Neuhausen Skepsis wegen Straßenbreite

Die Theodor-Heuss-Straße in Neuhausen wird ab Sommer saniert und zurückgebaut.
Die Theodor-Heuss-Straße in Neuhausen wird ab Sommer saniert und zurückgebaut. © Foto: Thomas Kiehl
CAROLA EISSLER 05.03.2015
Die Theodor-Heuss-Straße in Neuhausen wird ab Juli komplett saniert. Der Ortschaftsrat ist damit einverstanden, hegt aber Bedenken wegen der starken Fahrbahnverengung in der Sammelstraße.

In drei Bauabschnitten wird die Theodor-Heuss-Straße ab Juli saniert, im Dezember soll dann alles fertig sein. Die Querstraße zwischen Metzinger Straße und Bahnlinie fungiert in Neuhausen als Sammelstraße und ist deshalb stark frequentiert. Inzwischen ist nicht nur die Straße samt Gehwegen marode, auch Kanal und Trinkwasserleitung samt den dazugehörigen Hausanschlüssen müssen erneuert, Gasleitungen verlegt und auch Stromkabel erneuert werden. Der Straßenraum soll insgesamt aufgewertet, der Ausbau zudem behindertengerecht werden. Im Zuge der Umsetzung des Klimaschutzkonzeptes der Stadt Metzingen werden auch Flächen entsiegelt. Start der Arbeiten ist zwischen Metzinger Straße und Badstraße, die Baukolonne wandert dann sukzessive in Richtung Bahnlinie. Im vorderen Bereich an der alten B 28 wird auch die Bushaltestelle stadteinwärts neu gestaltet mit Pflanzbeet, hohen Bordsteinen und Sitzplätzen. Rund 420 000 Euro gibt die Stadt für die Straßensanierung aus, rund 270 000 für die Sanierung des Kanals. Der Anteil der Stadtwerke für die Sanierung der Wasserleitung beträgt 96 000 Euro.

Die Straße aus den 1960er Jahren ist noch recht breit, durchgehend 6,50 Meter. Zu breit für heutige Verhältnisse, weshalb die Straße im Zuge der Baumaßnahmen auch zurückgebaut, die Gehwege dagegen auf 1,50 bis zwei Meter verbreitert werden.

Wie Gerhard Linder vom Bauamt der Stadt Metzingen den Ortschaftsräten am Dienstagabend vortrug, wird die zukünftige Straße in weiten Teilen nur noch 5,50 Meter breit sein. Dies sei deshalb möglich, weil in der Straße kein Linienbusverkehr stattfindet.

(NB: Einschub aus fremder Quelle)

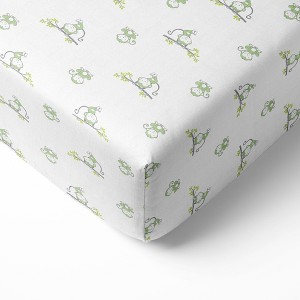 Bacati - Happy Monkeys Green Muslin 100 percent Cotton Universal Baby US Standard Crib or Toddler Bed Fitted Sheet - 1 of 4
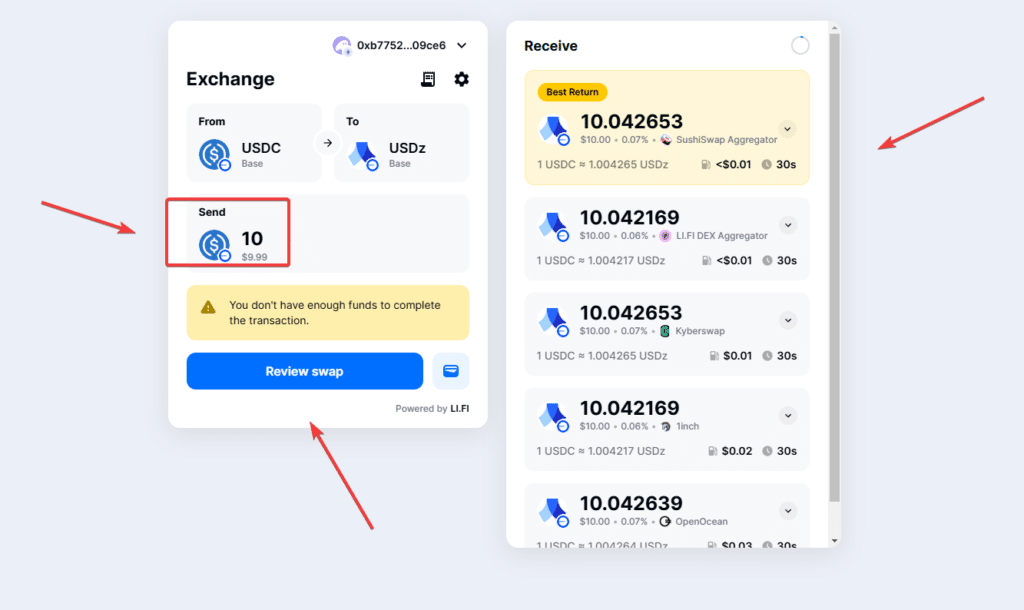 Anzen airdrop swap bridge usdz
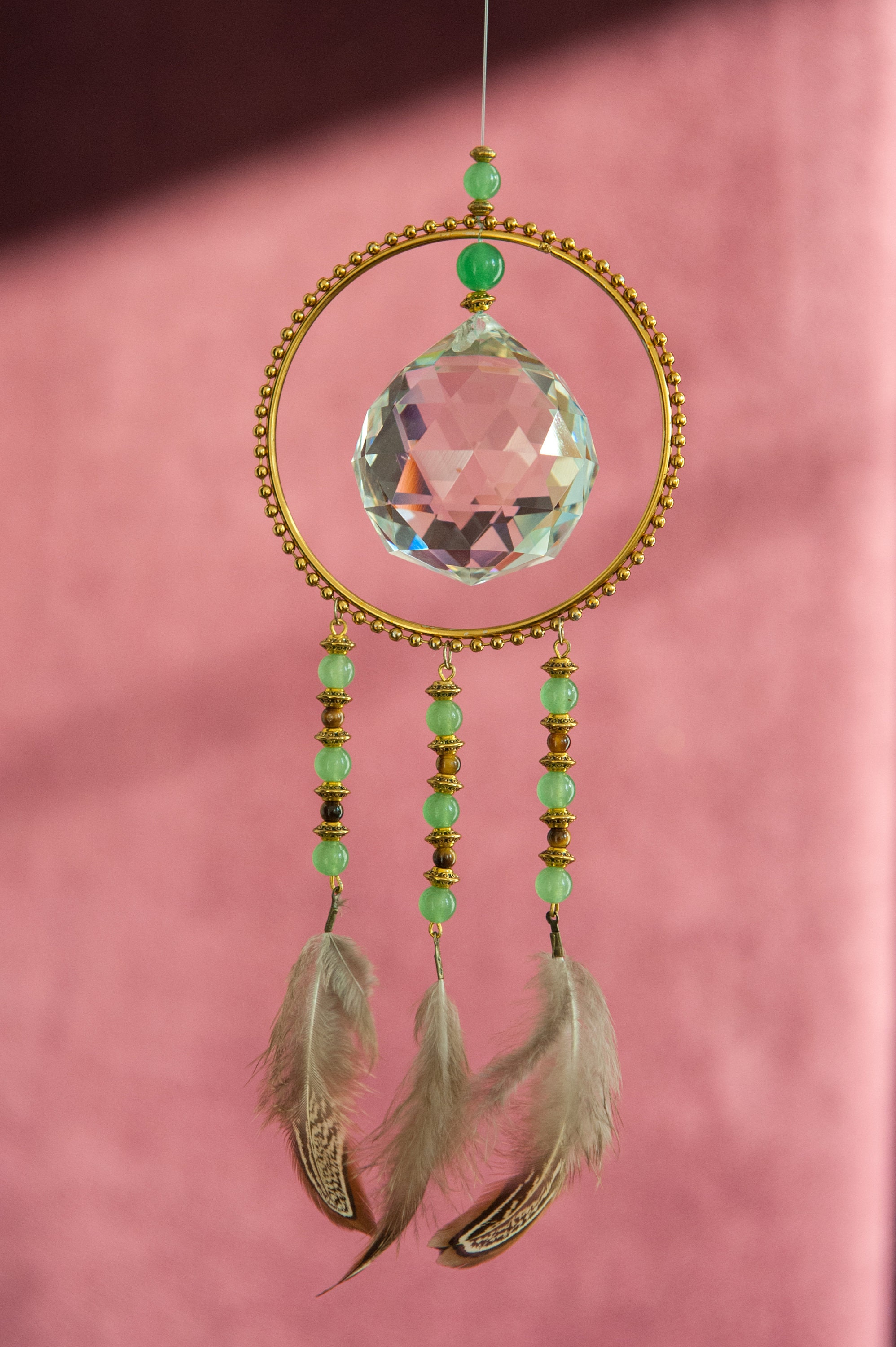 Suspension, Décoration d'intérieur, Feng Shui, Cristal de 40 mm Diamètre Sans Plomb, Oeil Du Tigre,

Etliche Räte hegen Bedenken gegen die zukünftige Straßenbreite. Gerhard Fritz fragte, wieso nicht gleich Parkbuchten angelegt werden, dann sei die Parksituation klar. "Wenn links und rechts versetzt geparkt wird, dann kommt man mit dem Feuerwehrauto eben doch nicht mehr durch." Bereits jetzt, bei breiterer Fahrbahn, sei die Situation schwierig. Auch Friedemann Salzer ist skeptisch: "Ich bin ja grundsätzlich für einen Rückbau breiter Straßen. Aber zusätzliche 50 Zentimeter täten der Theodor-Heuss-Straße gut. Die Straße hat Sammelstraßen-Charakter und wir bauen jetzt eine zweite Badstraße." Sein Appell an die Stadt: "Gehen Sie nochmals in sich."

Linder sagte zu, die Entwicklung zu beobachten. Wenn es nicht funktioniere, könne man immer noch reagieren. Der Ortschaftsrat seinerseits wollte wegen dieser Bedenken nicht die ganze Planung gefährden und stimmte deshalb, am Schluss, dennoch zu.

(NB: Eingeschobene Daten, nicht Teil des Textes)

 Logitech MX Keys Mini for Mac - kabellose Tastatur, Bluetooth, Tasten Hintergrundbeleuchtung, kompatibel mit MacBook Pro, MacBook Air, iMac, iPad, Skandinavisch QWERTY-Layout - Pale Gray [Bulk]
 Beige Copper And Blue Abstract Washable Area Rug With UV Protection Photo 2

Noch eine ganz andere Parkdebatte brachte Michael Bolz auf. Er kritisierte, dass eine Firma mit ihren Autos das ganze Gebiet zuparke und fragte den in der Sitzung anwesenden Heiko Gollmer vom Baurechtsamt, ob denn das überhaupt zulässig sei. Ist es, sagte Gollmer, sofern die Atos zugelassen und keine Lastwagen seien. "Da dürfen Sie so viele Autos abstellen wie sie wollen." Eine Antwort, die Bolz nicht zufriedenstellte. Er will sich nun beim Ordnungsamt melden "wenn die Sache in Zukunft mal wieder überhand nimmt".

Die Anwohner der Theodor-Heuss-Straße wurden bereits über die anstehenden Baumaßnahmen informiert. "Ohne Einschränkungen geht es freilich nicht", sagte Linder. Die Zufahrt zu einzelnen Grundstücken könne mitunter nicht immer gewährleistet werden. Jedoch werde man auch dann die Betroffenen nochmals informieren.